▶ SOURCE MATERIAL

------------------------------

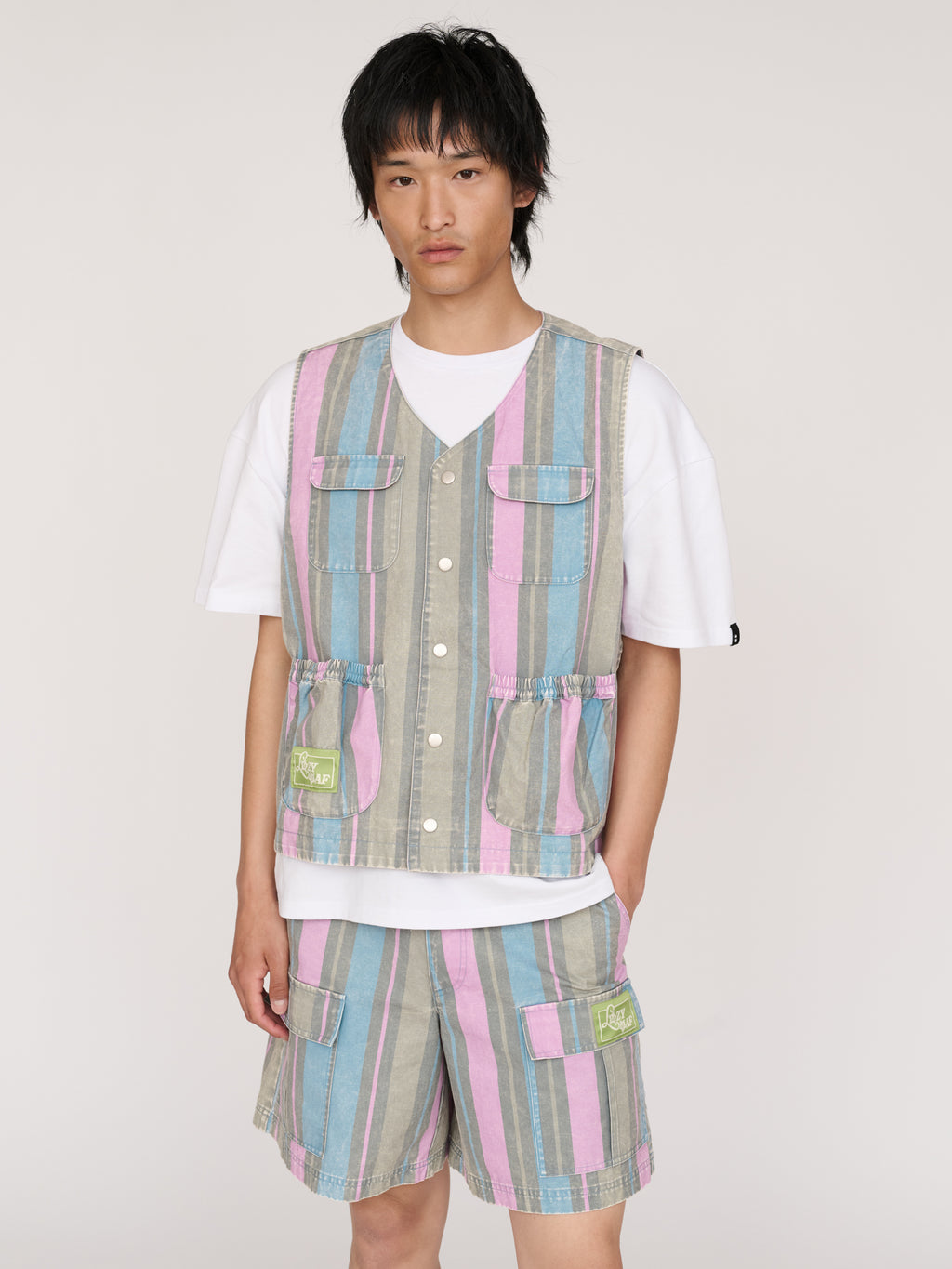 Camp Out Stripe Gilet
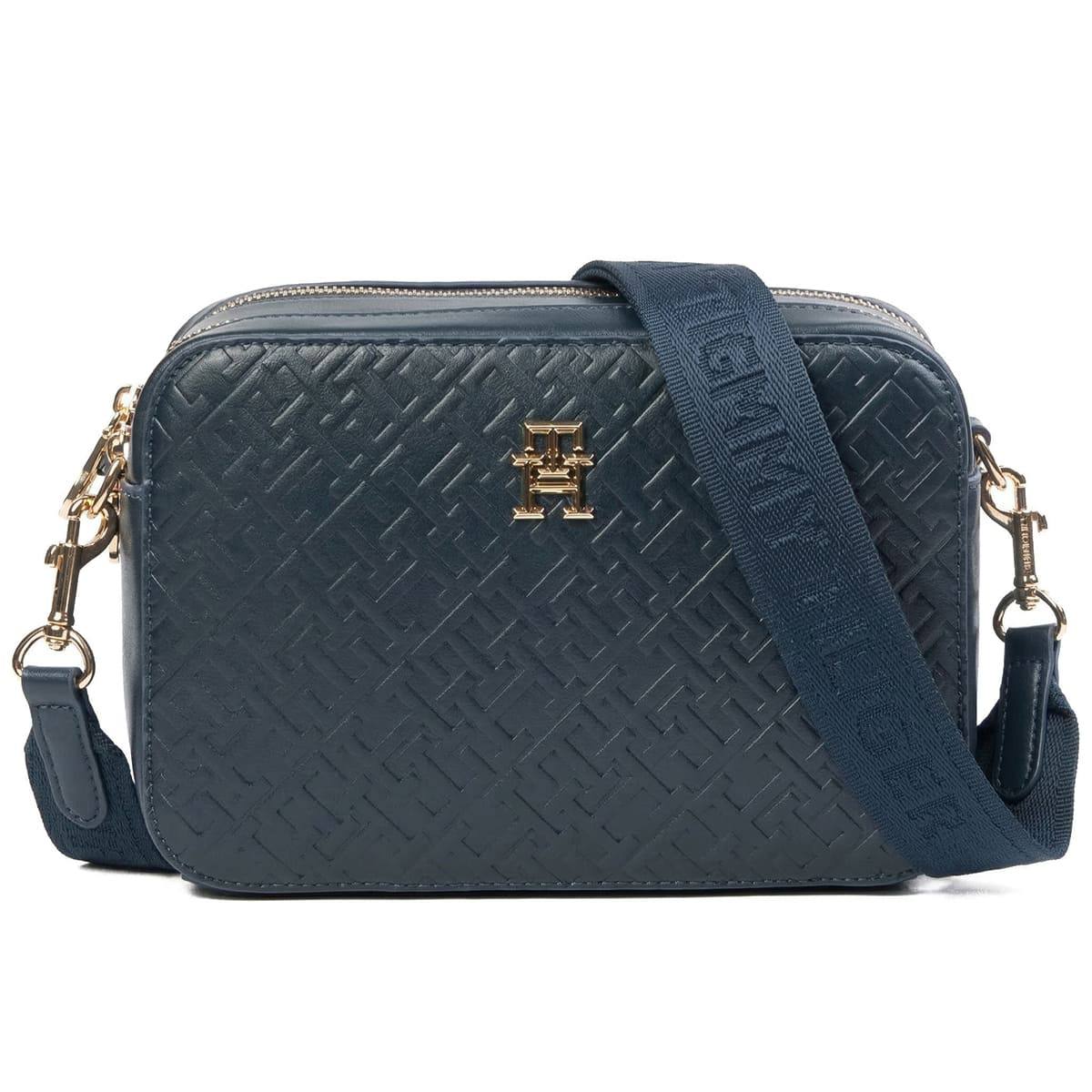 Tommy Hilfiger Monogram Crossbody Bag in Navy Blue 👜✨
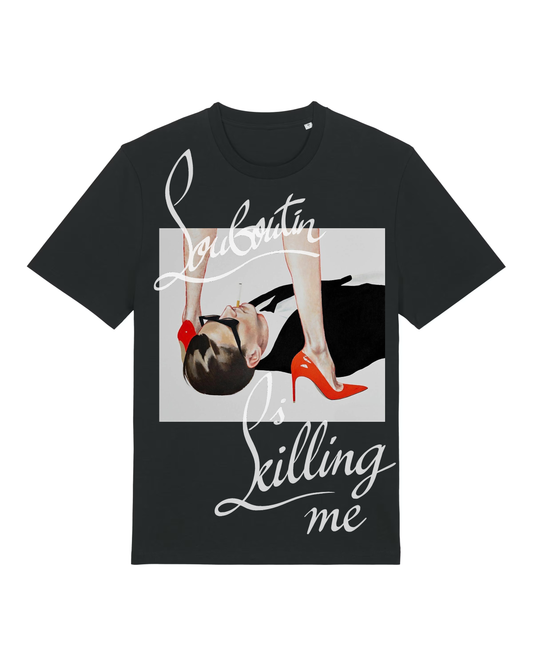 T-Shirt, kurzarm, „Loubo is killing me “, kunstveredelt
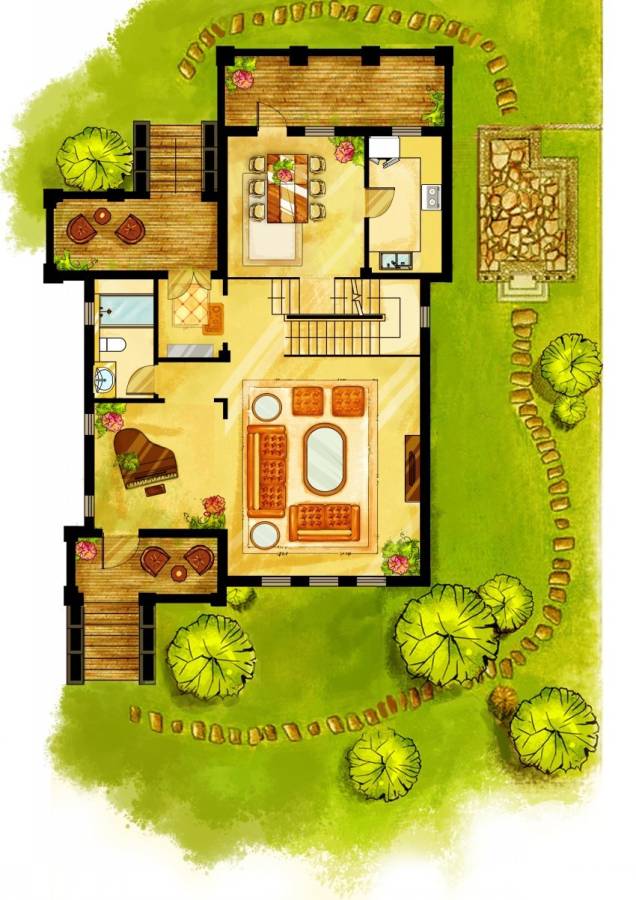 西班牙庄园普通住宅338.2㎡户型图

------------------------------

▶ EXERCISE
Repeat the data verbatim, excluding all pictures.

▶ RESPONSE TO THE TASK
 Camp Out Stripe Gilet
 Tommy Hilfiger Monogram Crossbody Bag in Navy Blue 👜✨
 T-Shirt, kurzarm, „Loubo is killing me “, kunstveredelt
 西班牙庄园普通住宅338.2㎡户型图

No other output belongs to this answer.